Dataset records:
***

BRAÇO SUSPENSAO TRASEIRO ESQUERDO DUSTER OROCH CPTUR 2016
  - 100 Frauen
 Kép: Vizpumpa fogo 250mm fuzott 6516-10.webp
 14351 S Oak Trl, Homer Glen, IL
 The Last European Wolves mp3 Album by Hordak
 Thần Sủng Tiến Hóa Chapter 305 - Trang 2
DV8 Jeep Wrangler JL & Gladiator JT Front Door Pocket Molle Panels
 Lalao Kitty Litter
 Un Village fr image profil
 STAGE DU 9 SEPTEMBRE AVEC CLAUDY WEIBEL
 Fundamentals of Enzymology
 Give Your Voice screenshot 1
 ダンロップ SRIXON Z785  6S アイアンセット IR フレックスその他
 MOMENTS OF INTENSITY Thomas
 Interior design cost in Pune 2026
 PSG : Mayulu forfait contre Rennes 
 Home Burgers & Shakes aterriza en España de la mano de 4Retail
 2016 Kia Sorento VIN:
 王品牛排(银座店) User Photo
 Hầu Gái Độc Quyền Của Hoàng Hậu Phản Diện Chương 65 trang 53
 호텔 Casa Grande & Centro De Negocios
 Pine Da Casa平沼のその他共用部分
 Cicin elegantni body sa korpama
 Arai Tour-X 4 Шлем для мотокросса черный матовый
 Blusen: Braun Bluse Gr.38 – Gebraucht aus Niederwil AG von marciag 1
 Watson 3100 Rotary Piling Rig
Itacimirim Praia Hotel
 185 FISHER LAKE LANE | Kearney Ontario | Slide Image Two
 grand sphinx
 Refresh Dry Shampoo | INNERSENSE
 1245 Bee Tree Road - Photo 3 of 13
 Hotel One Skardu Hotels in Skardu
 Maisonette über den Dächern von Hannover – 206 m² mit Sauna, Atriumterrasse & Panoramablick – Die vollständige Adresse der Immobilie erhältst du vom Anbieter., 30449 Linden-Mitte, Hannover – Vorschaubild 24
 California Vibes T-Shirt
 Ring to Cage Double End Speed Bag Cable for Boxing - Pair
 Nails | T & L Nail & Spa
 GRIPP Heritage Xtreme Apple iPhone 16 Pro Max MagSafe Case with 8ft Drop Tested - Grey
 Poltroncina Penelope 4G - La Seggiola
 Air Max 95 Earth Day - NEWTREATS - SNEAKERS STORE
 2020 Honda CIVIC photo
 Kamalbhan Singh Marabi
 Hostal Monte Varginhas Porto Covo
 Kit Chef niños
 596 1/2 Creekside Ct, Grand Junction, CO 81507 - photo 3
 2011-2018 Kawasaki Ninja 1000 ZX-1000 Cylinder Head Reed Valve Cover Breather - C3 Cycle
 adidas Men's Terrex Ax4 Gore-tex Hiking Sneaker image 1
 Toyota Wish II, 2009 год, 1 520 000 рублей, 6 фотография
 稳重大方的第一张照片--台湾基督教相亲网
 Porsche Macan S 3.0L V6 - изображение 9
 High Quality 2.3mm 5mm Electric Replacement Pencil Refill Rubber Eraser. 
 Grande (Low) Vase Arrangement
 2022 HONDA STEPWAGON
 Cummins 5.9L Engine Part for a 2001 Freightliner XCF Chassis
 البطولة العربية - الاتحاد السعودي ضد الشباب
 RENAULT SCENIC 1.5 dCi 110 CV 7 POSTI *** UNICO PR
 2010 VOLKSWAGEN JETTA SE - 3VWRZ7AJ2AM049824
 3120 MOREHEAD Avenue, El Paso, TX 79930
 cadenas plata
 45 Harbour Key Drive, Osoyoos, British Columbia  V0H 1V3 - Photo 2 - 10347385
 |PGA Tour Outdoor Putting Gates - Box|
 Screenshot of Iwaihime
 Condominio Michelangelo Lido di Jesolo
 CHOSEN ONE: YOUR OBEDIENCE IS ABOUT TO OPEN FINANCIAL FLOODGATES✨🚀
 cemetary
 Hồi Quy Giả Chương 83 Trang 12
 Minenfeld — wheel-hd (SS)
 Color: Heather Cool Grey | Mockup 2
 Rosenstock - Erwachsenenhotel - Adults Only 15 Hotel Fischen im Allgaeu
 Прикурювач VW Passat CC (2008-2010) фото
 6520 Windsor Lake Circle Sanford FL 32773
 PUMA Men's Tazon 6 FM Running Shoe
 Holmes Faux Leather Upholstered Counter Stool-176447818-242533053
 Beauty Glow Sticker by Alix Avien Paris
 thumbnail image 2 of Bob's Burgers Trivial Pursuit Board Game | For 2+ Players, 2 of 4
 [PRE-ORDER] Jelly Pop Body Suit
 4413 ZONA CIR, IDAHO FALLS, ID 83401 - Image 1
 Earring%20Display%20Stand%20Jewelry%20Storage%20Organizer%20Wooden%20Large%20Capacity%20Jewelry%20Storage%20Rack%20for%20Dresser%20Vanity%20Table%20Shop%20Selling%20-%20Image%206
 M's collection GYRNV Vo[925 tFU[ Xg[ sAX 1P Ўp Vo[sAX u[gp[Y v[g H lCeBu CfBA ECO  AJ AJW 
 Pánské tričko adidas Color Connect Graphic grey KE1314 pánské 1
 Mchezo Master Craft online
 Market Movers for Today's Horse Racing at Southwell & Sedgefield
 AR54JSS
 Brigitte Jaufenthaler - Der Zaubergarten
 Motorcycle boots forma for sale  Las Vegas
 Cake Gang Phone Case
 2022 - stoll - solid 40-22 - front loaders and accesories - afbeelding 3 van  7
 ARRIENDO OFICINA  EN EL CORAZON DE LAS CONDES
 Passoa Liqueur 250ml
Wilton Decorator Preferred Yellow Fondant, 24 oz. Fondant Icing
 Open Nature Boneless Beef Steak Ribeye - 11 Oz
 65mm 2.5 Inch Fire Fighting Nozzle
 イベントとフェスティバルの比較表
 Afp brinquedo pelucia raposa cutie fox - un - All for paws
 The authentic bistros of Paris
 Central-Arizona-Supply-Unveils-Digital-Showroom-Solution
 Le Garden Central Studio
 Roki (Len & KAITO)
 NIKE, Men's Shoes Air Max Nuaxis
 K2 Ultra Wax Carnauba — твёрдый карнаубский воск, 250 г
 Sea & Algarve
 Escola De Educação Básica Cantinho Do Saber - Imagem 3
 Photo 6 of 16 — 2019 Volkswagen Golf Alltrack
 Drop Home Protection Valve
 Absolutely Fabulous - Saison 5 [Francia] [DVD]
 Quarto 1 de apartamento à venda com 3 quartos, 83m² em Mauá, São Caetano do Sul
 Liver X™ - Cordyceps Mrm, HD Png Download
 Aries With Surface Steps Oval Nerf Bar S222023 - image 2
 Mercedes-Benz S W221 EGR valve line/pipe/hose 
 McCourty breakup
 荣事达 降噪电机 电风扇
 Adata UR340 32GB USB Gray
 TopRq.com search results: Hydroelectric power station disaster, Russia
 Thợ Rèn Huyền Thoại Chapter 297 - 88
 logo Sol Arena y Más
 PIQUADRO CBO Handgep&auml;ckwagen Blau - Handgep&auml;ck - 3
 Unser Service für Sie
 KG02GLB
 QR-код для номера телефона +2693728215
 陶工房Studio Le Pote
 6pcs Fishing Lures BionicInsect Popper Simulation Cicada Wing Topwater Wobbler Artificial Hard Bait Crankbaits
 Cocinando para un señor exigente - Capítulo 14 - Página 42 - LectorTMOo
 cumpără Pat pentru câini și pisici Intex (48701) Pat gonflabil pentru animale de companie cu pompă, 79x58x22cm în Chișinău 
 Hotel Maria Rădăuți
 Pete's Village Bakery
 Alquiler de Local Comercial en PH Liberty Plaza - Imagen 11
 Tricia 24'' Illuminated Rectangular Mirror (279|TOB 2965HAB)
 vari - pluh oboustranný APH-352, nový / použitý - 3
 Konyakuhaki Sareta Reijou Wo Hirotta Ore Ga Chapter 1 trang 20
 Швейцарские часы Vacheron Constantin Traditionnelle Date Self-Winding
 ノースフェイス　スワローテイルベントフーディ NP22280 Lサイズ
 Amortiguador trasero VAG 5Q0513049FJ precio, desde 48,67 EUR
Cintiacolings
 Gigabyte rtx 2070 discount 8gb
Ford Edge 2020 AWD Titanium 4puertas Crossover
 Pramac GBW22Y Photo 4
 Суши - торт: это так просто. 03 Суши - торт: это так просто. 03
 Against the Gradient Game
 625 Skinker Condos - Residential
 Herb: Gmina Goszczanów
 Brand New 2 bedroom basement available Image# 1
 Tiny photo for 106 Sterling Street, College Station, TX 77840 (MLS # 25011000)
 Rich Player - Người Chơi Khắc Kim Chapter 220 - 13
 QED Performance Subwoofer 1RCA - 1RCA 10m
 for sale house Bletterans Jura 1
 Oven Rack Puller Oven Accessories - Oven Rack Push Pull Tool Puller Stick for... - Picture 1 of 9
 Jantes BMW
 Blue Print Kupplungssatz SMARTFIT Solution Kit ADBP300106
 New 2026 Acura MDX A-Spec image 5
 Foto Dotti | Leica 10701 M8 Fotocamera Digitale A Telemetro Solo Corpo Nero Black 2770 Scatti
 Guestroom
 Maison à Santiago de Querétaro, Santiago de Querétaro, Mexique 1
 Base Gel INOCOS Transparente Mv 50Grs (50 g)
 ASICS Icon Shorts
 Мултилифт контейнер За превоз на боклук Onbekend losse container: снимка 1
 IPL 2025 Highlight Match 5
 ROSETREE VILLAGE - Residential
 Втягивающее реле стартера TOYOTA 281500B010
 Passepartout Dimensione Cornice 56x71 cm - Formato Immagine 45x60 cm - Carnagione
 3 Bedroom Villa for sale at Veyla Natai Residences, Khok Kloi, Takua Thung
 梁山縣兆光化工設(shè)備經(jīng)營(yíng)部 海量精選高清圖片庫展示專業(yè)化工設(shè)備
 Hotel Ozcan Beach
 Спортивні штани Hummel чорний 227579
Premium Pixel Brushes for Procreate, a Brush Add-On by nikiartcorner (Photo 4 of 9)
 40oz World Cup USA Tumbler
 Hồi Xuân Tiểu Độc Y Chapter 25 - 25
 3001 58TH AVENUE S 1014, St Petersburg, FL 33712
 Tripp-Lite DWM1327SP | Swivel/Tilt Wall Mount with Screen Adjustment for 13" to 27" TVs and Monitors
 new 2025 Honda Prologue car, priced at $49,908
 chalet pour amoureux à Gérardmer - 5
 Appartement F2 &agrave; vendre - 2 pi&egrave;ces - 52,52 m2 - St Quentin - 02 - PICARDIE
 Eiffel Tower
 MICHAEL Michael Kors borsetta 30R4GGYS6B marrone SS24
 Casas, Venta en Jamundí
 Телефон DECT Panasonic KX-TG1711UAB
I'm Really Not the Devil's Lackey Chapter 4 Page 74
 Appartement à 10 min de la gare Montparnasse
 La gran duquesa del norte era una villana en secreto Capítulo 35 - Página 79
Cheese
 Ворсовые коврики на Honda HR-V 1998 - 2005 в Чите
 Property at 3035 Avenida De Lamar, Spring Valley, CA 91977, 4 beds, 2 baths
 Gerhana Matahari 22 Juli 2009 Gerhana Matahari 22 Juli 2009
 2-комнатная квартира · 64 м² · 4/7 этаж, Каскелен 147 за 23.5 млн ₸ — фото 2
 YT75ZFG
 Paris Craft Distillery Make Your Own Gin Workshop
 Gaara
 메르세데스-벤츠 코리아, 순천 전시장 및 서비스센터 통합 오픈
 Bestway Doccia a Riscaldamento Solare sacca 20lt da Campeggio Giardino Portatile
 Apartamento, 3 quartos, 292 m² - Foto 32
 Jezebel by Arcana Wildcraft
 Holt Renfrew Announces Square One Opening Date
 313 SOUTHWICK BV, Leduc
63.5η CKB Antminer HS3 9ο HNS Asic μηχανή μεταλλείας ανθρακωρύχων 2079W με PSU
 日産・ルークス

***

Problem: Lines after the one containing "Blusen: Braun Bluse" are not part of the task. Output the entries exactly from their first line through that one.

Output for this exercise:
BRAÇO SUSPENSAO TRASEIRO ESQUERDO DUSTER OROCH CPTUR 2016
  - 100 Frauen
 Kép: Vizpumpa fogo 250mm fuzott 6516-10.webp
 14351 S Oak Trl, Homer Glen, IL
 The Last European Wolves mp3 Album by Hordak
 Thần Sủng Tiến Hóa Chapter 305 - Trang 2
DV8 Jeep Wrangler JL & Gladiator JT Front Door Pocket Molle Panels
 Lalao Kitty Litter
 Un Village fr image profil
 STAGE DU 9 SEPTEMBRE AVEC CLAUDY WEIBEL
 Fundamentals of Enzymology
 Give Your Voice screenshot 1
 ダンロップ SRIXON Z785  6S アイアンセット IR フレックスその他
 MOMENTS OF INTENSITY Thomas
 Interior design cost in Pune 2026
 PSG : Mayulu forfait contre Rennes 
 Home Burgers & Shakes aterriza en España de la mano de 4Retail
 2016 Kia Sorento VIN:
 王品牛排(银座店) User Photo
 Hầu Gái Độc Quyền Của Hoàng Hậu Phản Diện Chương 65 trang 53
 호텔 Casa Grande & Centro De Negocios
 Pine Da Casa平沼のその他共用部分
 Cicin elegantni body sa korpama
 Arai Tour-X 4 Шлем для мотокросса черный матовый
 Blusen: Braun Bluse Gr.38 – Gebraucht aus Niederwil AG von marciag 1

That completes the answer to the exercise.